Nourish Your Biblical Roots Podcast
Explore the ancient Jewish roots of Christianity and their relevance to your life today with podcast host Yael Eckstein, President and CEO of the International Fellowship of Christians and Jews. Join Yael from the Holy Land as she shares spiritual insights, lessons from the Torah, and conversations about life in Israel. This podcast will take you on a unique journey through the Bible that will deepen your personal connection with Israel and offer you inspirational insights into your Christian faith.
Since last September, the people of Israel have been living out the biblical command to observe a sabbatical year as found in the Book of Leviticus. But what does that mean? For many in Israel, it has meant allowing fields to go unplowed, not planting a vegetable garden, or simply letting the ground rest. And while this biblical directive is focused on the land, there is a deeper spiritual lesson for us all. As podcast host Yael Eckstein shares, the practice of shmita, the sabbatical year, teaches us that sometimes we need to do less in order to receive more blessings in our lives. Listen now!
This week’s parshah, the Torah portion read and studied by Jews around the world each week, is called Behar, which means “the mountain,” and it covers Leviticus 25:1-26:2. In today’s study, podcast host Yael Eckstein focuses on Leviticus 25:1-4:
The LORD said to Moses at Mount Sinai, “Speak to the Israelites and say to them: When you enter the land I am going to give you, the land itself must observe a sabbath to the LORD. For six years sow your fields, and for six years prune your vineyards and gather their crops. But in the seventh year the land is to have a year of sabbath rest, a sabbath to the LORD. Do not sow your fields or prune your vineyards.”

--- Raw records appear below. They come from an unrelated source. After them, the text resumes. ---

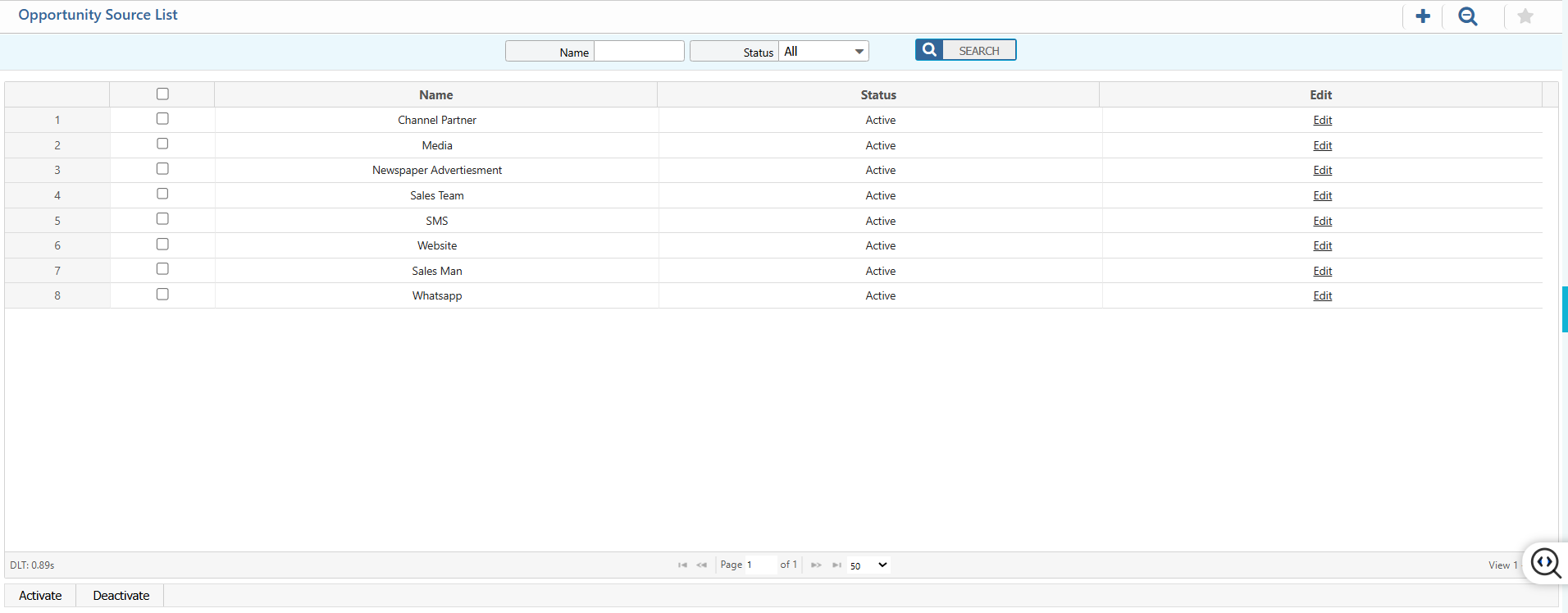 Opportunity Source List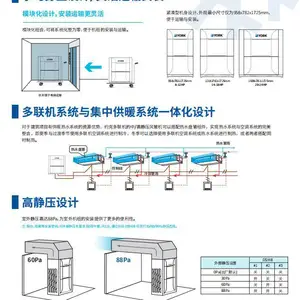 海尔水地源热泵型号齐全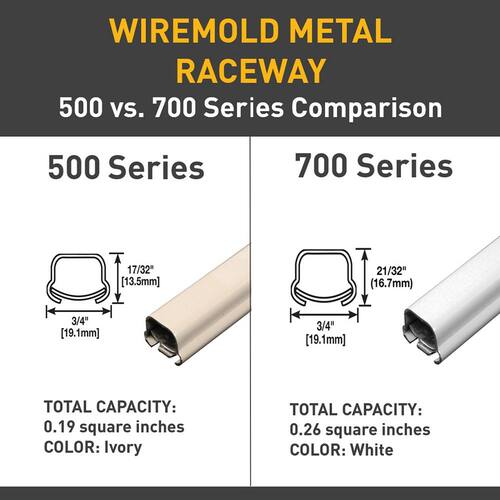 Metal Surface Raceway Electrical Box 1 Gang Deep for Wiremold 500 and 700 Series, Ivory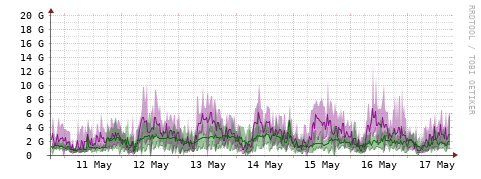 [Interfaces]: Bit rates
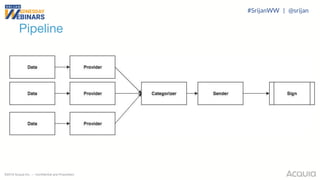 ©2018 Acquia Inc. — Confidential and Proprietary
Pipeline
#SrijanWW | @srijan
 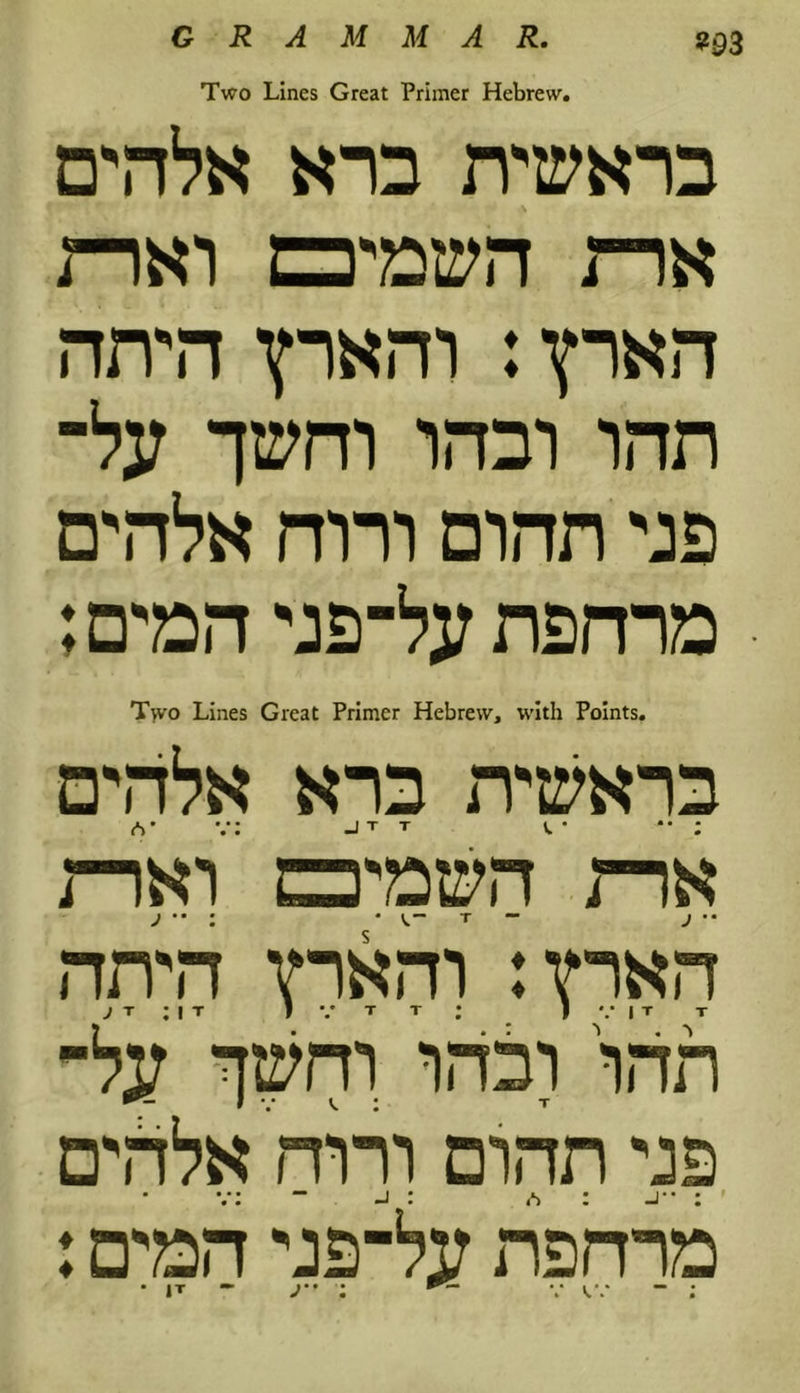 Two Lines Great Primer Hebrew. m orfot toa nwo nw crawn n« nrrn : ip^n -l?y *pwn irm inn n'rfw rmi mnn js ; man nsma T>vo Lines Great Primer Hebrew, with Points. ovfo? ins rrwi? ri*n oaun ns T J I T T nir vii) inn o,ni?N rrrn ainn *js : trari aa4jr riarna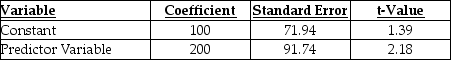 Craig's Cola was to manufacture 1,000 cases of cola next week. The accountant provided the following analysis of total manufacturing costs.   r<sup>2</sup> = 0.82 What is the estimated cost of producing the 1,000 cases of cola? A)  $200,100 B)  $72,032 C)  $100,200 D)  $9,000 E)  $91,812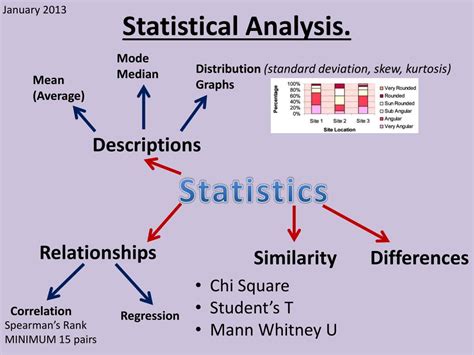 Ppt Statistical Analysis Powerpoint Presentation Free Download Id1977159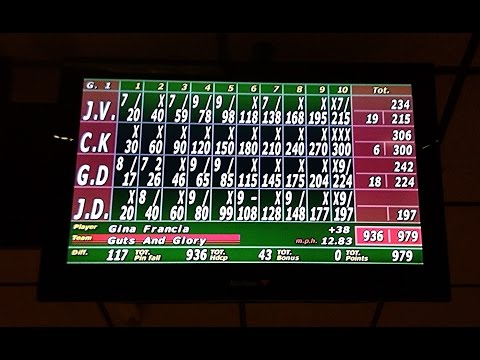 Lutheran Pastor Bowls Official 300 game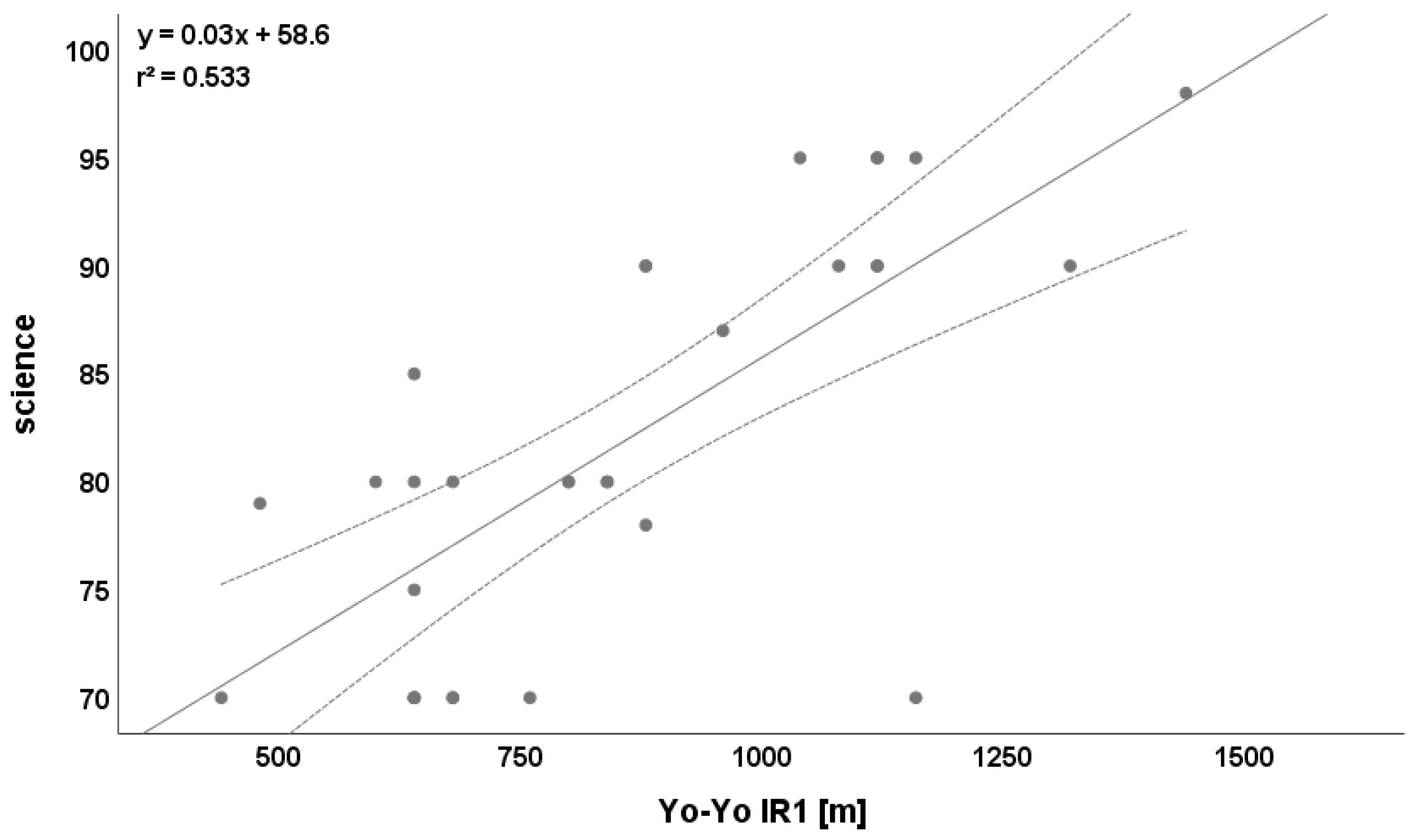 Ijerph 19 03106 g005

These verses contain God’s directive to observe the sabbatical year, known as shmita in Hebrew, in the land of Israel. And for the past year, the people of Israel have been doing just that — observing the sabbatical year by allowing the ground to lay fallow.
As Yael explains in today’s episode, the observance of shmita has been revived in the years since the return of the Jewish people to their biblical homeland. Every seventh year, farmers and families observe this biblical command by not sowing or tending to their fields (even home gardens) for an entire year.
While this directive has to do specifically with the land, Yael shares Jewish teachings about the spiritual significance of shmita and the universal message it holds for us all.
Based on these teachings, Yael challenges the widely held belief that we have to do more and work harder in order to achieve the results that we want to see in our lives. Yael helps us understand the faulty thinking underlying that belief and how, as believers, we need to take a different approach.
As Yael shares, the biblical requirement to let the land rest during the sabbatical year teaches us how to relate to our own goals and aspirations. Through today’s lesson, we’ll discover why sometimes the most productive thing we can do is nothing at all!